Spent the last few days drilling aquariums for overflows, but stuff is finally beginning to get there!














































Next job is to replace all the seperate stands on the right with some 6' three tier stands, then drill all those tanks and link them into the system.

Graham


----------



## webby06_2007 (Jul 15, 2008)

very nice my fish room was alot messyer than that lol and u had about 2ft walking space between the tanks if u need anything like exspternal filters and bits like that i got loads free to u if u want them some will need pipes i got heaters allsorts give me a pm if u are intrested 
craig


----------



## mike515 (Sep 12, 2006)

looking good. You can tell a decent fish room because it will always be a mess lol.


What fish you keeping? apart from the discus


----------



## xyra (Apr 26, 2007)

Thanks guys, It's actually a lot tidier than my last one .

Eventually all the current tanks will be re-racked onto three tier racks on one side, and there will be two eight foot tanks the other.

That's the plan anyway.

Keeping all sorts in there; Picasso triggerfish, discus, wild angelfish, 9 species of polypterus, various catfish, tilapia snyderae, salvini, channa marulioides, channa orientalis, wolffish, various other cichlids

A few pics;


























































































Graham


----------



## mike515 (Sep 12, 2006)

nice selection of fish. Loving the snakeheads.

is that a poly. delehezi at the bottom?


----------



## Esfa (Apr 15, 2007)

mike515 said:


> is that a poly. delehezi at the bottom?


Looks like it. :mf_dribble:

Xyra, do you know if it's captive bred, or wild caught?


----------



## xyra (Apr 26, 2007)

Thanks 
Yep, it's a delhezi.

I've currently got:
Delhezi, lapradei, lapradei sp.
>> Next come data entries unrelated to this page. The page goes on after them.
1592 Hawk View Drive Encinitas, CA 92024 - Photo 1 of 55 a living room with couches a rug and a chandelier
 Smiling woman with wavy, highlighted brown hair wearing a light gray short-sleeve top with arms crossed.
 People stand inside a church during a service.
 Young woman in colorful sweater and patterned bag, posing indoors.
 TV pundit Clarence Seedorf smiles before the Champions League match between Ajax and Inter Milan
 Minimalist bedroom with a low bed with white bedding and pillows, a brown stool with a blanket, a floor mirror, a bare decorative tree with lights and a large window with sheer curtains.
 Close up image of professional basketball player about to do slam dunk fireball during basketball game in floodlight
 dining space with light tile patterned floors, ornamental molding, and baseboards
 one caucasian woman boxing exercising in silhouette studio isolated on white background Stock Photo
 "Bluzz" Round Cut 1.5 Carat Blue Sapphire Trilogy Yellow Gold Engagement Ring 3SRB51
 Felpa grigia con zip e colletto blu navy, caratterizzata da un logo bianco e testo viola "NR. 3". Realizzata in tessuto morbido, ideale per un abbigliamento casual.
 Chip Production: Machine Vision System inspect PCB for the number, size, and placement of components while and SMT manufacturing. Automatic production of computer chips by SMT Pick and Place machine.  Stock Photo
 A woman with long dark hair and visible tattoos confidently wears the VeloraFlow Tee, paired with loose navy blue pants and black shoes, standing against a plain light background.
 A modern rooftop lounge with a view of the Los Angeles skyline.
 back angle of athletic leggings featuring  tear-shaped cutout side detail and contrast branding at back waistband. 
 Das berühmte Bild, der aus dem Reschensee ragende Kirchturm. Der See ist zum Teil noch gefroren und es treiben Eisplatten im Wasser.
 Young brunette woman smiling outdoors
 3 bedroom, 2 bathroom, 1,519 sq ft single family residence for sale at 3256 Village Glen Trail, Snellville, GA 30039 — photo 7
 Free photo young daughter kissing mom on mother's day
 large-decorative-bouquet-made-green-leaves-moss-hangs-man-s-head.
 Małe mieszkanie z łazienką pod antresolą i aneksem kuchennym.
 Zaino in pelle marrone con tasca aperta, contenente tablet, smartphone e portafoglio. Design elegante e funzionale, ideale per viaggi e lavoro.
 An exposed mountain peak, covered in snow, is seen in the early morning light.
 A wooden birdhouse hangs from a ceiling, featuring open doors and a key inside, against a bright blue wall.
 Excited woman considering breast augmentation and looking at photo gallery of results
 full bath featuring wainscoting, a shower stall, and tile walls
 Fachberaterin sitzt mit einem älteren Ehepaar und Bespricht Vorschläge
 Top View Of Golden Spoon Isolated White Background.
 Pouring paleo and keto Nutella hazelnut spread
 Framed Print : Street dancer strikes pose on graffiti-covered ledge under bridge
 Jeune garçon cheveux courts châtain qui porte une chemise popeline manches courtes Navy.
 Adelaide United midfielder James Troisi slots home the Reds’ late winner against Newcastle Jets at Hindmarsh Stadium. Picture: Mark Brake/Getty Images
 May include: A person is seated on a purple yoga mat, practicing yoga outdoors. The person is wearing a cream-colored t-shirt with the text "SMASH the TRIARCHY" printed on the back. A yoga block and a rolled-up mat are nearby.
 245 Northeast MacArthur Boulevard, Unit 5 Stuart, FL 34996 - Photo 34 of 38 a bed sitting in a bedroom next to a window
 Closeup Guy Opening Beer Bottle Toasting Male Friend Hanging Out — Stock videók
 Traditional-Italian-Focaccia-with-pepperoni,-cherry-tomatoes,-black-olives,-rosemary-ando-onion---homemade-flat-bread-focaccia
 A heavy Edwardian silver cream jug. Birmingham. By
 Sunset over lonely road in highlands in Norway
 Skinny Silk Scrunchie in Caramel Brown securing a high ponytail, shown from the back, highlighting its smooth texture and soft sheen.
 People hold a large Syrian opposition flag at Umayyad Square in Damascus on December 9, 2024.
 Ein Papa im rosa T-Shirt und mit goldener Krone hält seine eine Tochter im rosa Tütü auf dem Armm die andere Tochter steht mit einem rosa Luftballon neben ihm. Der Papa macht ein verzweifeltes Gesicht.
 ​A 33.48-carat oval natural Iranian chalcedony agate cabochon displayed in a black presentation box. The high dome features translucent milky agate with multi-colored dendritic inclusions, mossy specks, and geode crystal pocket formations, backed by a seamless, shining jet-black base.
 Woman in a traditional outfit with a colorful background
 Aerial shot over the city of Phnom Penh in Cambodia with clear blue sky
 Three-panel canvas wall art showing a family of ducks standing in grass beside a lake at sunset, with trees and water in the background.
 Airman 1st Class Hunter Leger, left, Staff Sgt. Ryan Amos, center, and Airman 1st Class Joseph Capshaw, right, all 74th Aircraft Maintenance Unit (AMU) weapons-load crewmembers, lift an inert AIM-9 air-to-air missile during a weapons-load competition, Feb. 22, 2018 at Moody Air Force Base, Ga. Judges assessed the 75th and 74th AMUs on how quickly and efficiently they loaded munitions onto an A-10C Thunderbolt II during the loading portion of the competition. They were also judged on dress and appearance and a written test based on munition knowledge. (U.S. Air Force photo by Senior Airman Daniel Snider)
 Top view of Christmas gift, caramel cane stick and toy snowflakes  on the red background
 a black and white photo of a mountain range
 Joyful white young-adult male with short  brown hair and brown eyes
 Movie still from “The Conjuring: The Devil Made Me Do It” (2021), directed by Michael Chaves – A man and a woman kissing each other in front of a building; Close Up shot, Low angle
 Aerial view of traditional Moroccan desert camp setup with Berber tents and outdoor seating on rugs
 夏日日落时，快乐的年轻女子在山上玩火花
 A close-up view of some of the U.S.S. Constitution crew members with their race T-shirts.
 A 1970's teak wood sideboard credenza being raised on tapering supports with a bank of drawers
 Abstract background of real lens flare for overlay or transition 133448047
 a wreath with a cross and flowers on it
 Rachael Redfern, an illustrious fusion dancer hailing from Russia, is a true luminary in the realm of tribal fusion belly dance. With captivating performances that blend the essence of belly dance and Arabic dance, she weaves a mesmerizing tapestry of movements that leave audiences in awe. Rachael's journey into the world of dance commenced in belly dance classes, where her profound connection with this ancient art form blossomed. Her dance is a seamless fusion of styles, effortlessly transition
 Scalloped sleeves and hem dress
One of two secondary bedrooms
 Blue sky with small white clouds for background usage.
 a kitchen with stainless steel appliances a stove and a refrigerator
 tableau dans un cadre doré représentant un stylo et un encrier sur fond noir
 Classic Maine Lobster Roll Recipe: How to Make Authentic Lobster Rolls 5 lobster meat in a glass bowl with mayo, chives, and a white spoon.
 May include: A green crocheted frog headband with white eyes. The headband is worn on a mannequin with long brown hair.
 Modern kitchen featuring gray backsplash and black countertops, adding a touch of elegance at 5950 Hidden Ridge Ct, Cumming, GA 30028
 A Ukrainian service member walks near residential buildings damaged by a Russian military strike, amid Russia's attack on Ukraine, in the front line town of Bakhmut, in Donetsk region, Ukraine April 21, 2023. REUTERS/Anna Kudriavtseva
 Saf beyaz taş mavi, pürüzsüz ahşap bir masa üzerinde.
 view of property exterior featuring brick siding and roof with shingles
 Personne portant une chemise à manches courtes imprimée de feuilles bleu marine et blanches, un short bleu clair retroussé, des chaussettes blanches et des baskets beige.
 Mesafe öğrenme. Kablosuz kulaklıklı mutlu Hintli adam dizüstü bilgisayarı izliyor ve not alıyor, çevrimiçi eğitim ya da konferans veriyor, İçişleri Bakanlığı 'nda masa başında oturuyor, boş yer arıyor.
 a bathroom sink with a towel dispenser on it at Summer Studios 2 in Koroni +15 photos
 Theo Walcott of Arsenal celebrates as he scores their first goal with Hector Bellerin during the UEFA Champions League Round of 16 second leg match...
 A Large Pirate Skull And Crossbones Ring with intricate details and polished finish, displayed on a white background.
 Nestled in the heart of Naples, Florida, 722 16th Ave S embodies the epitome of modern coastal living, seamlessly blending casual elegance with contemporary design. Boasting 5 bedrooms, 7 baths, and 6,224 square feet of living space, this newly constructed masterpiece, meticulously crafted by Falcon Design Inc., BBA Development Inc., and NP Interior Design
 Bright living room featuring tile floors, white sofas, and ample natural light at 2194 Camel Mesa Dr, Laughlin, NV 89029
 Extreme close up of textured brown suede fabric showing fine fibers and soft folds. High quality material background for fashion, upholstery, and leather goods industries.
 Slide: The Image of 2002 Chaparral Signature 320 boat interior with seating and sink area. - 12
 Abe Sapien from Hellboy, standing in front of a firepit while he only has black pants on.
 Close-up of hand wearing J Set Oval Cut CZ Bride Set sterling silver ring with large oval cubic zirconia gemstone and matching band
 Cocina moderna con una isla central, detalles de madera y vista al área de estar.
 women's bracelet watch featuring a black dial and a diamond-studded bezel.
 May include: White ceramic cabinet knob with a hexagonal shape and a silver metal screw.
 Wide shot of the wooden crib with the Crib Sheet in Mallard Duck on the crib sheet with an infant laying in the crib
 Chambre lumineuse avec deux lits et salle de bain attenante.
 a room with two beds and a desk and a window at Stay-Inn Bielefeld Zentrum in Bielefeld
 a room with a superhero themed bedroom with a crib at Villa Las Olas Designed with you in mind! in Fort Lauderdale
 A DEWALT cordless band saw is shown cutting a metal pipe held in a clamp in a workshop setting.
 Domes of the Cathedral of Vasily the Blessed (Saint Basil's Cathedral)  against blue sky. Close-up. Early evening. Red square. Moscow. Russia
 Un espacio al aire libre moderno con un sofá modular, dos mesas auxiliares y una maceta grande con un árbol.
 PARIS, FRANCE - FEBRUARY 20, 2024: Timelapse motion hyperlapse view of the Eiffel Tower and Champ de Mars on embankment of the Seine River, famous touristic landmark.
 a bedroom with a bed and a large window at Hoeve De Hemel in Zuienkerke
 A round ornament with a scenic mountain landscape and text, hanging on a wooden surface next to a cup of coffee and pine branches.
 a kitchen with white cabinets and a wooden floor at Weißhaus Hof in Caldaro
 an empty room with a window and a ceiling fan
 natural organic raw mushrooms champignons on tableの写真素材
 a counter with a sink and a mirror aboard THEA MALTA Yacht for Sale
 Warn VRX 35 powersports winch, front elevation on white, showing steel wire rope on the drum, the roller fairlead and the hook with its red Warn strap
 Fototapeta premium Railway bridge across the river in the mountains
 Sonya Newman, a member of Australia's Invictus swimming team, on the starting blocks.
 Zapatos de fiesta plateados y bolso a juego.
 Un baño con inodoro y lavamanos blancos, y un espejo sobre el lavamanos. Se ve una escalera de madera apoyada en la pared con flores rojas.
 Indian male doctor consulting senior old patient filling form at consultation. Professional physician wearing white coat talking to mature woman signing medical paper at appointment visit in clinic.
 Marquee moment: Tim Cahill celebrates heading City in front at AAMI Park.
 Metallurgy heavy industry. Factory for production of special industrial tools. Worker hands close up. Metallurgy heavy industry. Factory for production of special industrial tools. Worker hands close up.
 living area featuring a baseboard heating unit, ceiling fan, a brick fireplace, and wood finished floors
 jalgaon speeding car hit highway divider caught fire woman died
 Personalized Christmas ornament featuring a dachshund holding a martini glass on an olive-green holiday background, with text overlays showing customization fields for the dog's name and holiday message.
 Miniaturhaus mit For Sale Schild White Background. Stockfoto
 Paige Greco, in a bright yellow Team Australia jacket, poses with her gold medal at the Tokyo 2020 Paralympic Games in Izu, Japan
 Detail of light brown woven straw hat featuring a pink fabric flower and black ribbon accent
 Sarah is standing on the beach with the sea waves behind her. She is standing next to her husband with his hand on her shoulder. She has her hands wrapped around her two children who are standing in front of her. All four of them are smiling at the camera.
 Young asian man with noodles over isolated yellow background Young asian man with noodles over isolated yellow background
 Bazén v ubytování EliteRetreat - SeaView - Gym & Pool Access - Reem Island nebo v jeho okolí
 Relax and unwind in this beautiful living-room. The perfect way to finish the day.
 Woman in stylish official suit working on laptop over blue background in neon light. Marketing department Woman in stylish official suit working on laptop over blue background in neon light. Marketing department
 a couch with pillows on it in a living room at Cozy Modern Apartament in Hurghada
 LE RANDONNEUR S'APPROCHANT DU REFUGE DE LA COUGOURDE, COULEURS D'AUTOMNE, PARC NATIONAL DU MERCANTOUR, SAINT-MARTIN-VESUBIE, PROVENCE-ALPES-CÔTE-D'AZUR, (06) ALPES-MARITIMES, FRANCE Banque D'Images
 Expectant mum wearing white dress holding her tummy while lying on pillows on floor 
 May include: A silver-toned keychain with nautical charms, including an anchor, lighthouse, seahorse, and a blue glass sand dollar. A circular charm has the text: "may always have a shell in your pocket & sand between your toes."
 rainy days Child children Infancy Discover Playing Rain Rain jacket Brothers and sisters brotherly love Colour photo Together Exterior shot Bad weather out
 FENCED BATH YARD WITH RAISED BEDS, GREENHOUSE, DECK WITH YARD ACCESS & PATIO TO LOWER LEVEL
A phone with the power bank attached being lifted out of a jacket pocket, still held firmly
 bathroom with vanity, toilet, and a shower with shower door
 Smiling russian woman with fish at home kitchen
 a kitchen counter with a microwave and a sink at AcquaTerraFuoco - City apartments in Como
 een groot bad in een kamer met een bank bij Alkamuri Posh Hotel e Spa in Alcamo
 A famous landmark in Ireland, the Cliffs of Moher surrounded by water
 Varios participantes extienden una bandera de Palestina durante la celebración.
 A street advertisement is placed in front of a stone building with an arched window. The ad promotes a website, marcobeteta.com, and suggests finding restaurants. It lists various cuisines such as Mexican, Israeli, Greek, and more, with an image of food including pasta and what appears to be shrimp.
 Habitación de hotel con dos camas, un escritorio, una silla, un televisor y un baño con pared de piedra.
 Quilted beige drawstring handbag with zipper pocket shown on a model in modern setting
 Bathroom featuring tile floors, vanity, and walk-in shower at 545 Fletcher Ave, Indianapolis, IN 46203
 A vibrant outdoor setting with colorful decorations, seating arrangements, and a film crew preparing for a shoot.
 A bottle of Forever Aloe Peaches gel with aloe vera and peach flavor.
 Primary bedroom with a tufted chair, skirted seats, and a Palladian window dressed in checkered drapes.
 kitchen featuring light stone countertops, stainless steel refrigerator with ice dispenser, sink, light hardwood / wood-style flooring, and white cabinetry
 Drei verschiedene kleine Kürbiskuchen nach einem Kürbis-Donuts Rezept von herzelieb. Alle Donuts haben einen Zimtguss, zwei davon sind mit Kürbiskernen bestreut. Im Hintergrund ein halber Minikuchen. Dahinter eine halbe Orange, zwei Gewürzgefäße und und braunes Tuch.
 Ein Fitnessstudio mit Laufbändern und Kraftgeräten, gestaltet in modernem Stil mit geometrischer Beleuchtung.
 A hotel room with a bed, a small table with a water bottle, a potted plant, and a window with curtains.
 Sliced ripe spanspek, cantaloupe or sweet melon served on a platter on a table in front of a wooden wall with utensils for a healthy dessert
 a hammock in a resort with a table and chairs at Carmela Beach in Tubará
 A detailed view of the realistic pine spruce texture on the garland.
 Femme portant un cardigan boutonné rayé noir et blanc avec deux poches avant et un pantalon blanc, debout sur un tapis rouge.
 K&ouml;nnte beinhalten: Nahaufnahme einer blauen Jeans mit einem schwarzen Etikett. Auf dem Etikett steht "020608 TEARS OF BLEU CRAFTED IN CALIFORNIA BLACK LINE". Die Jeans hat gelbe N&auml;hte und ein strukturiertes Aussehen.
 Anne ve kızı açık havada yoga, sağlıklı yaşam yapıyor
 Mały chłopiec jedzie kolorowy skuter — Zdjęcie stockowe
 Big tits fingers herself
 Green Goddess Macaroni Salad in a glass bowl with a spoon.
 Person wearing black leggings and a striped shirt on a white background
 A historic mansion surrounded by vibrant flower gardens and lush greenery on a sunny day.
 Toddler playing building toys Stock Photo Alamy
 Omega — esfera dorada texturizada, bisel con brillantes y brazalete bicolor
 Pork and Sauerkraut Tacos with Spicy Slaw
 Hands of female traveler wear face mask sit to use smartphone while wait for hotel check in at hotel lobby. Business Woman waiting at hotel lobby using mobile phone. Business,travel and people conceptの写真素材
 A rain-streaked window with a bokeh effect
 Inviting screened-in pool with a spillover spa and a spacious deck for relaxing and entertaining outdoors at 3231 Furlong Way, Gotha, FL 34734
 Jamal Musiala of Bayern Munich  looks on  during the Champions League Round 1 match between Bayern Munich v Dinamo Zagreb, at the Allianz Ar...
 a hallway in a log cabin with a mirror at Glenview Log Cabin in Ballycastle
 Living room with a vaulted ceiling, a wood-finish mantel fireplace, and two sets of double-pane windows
Guinea (often sold as P. bichir), Endlicheri, Palmas Polli, Palmas Buettikofferi, Ornatipinnis, Senegalus, Erpetoichthys calabaricus

No idea if the delhezi is wild caught, it is getting on for 3 years old, and they weren't so widely available then, so may well be a wild. Oddly enough it's barely grown ever, and is still only about 6" long!

Mike515: Snakehead's are some of my favorite fish, keep meaning to pick up some groups of a few more species and see what I can get breeding. I'm hoping the orientalis will think about breeding soon.


----------



## Esfa (Apr 15, 2007)

ah just wondering, cause wild caughts tend to have really straight "bars" like this:










and captive breds tend to have more of a mottled patern:










yours is somewhere in the middle. :lol2:

What do you feed him? Mine didnt grow for ages, then suddenly grew like 3" overnight. :lol2:


----------



## xyra (Apr 26, 2007)

Yeh  It came from a maidenhead aquatics branch, only one they had, and the first I had seen for sale at the time for less than silly money. My guess is probably wild, but nothing really to base it on.

Lancefish is the main food, mainly as I can buy it for £6/kg which beats pretty much all else. Plus I've rarely had anything refuse it, and it doesn't seem to polute the water much.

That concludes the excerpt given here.